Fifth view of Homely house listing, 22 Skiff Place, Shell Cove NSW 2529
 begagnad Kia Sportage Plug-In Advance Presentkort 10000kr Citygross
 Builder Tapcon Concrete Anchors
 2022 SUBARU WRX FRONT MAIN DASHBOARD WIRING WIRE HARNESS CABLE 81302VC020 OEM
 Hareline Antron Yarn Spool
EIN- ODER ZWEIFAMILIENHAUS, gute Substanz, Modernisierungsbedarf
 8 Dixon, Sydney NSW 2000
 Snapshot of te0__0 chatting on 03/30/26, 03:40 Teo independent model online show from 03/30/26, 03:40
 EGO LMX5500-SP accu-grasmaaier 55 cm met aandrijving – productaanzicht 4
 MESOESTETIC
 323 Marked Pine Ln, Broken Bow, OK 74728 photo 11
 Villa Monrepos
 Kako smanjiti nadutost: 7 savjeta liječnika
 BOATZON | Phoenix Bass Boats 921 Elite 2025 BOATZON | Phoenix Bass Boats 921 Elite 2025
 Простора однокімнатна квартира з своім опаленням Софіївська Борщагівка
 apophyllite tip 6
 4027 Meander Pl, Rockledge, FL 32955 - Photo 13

Exercise directions:
The answer must be the lines from the one containing "MESOESTETIC" to the final line of the data above, copied exactly, both included, with nothing added.

Solution for this exercise:
 MESOESTETIC
 323 Marked Pine Ln, Broken Bow, OK 74728 photo 11
 Villa Monrepos
 Kako smanjiti nadutost: 7 savjeta liječnika
 BOATZON | Phoenix Bass Boats 921 Elite 2025 BOATZON | Phoenix Bass Boats 921 Elite 2025
 Простора однокімнатна квартира з своім опаленням Софіївська Борщагівка
 apophyllite tip 6
 4027 Meander Pl, Rockledge, FL 32955 - Photo 13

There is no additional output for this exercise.